You could try doing pair-wise (or multiple alignments of smaller contigs) to see if you could identify changes that way. These can be represented as dot-plots. I don't think these tools allow you to call SNP's.
D_GENIES is a tool to do that.
I annotated both the contigs.fasta using PROKKA. Then I used the isolateA.gbk and isolateB.gbk for generating the mauve output.
Then I tried reordering the contigs using the isolateA.gbk and isolateB.gbk.
online coin flip simulator
Genomax, I tried blasting contigs > 500bp (42 contigs) against the "nr database" and optimize for "Highly similar sequences (megablast)" option selected. I got an error.
Similarly I used only one contig (the largest contig) against the nr database and optimize for "Highly similar sequences (megablast)" option selected. Also, I got an error.
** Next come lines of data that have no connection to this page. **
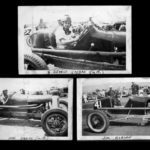 CKC_2024_Robson-Brothers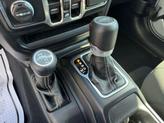 Thumbnail of 2023 Silver Zynith Clearcoat Jeep Gladiator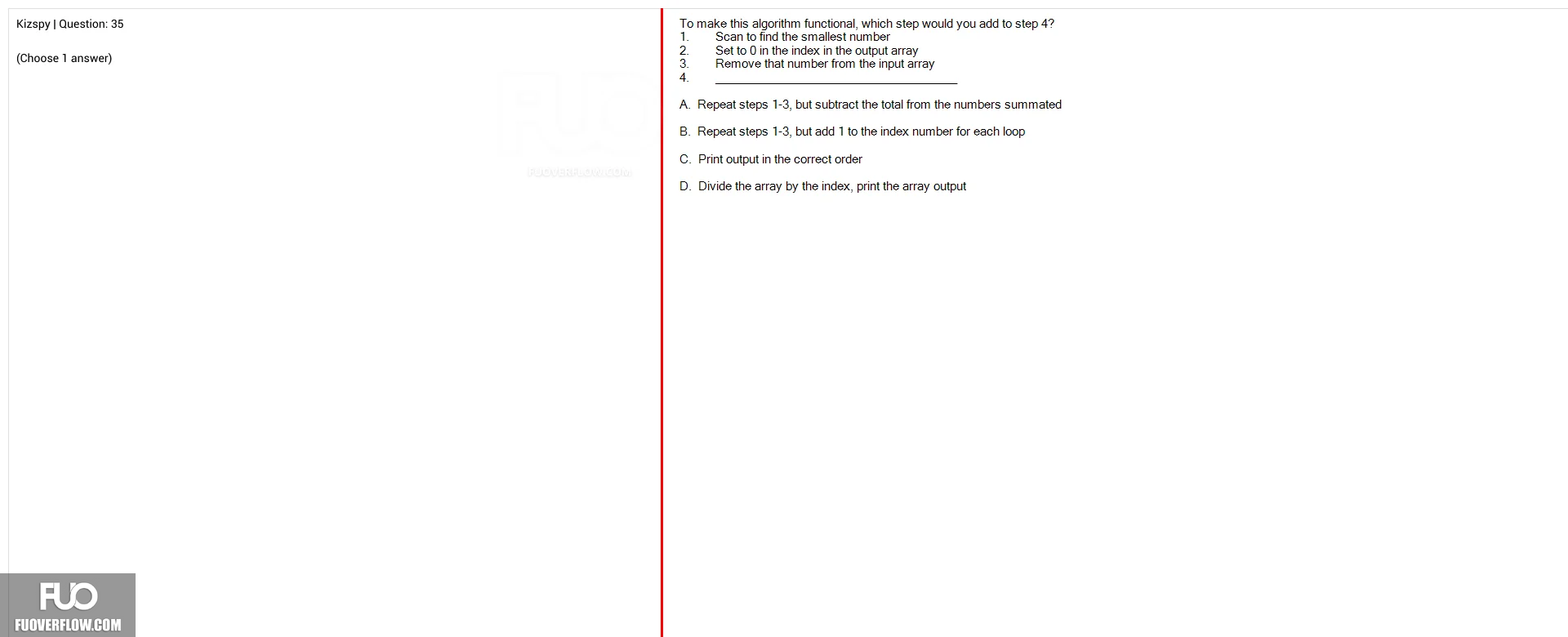 Q35.webp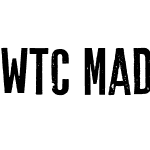 WTC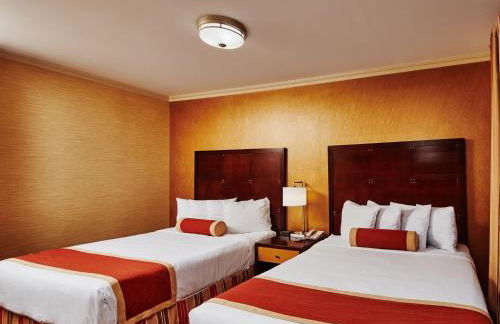 Radio City Apartments - Foto 59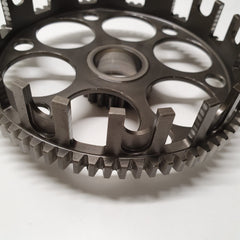 cloche embrayage ktm 250 sxf 2005-2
Not much we can do to help unless you tell us what the error was.
This is the error
There was a problem with the search. Please, contact Help Desk and include RID P07DS4TZ01R
Informational Message: [blastsrv4.REAL]: Error: Process size limit exceeded, resulting in SIGXFSZ (25).
Sounds like you will need to run these searches locally. Web blast does not support queries you are using. Contact the help desk with that reference number to confirm.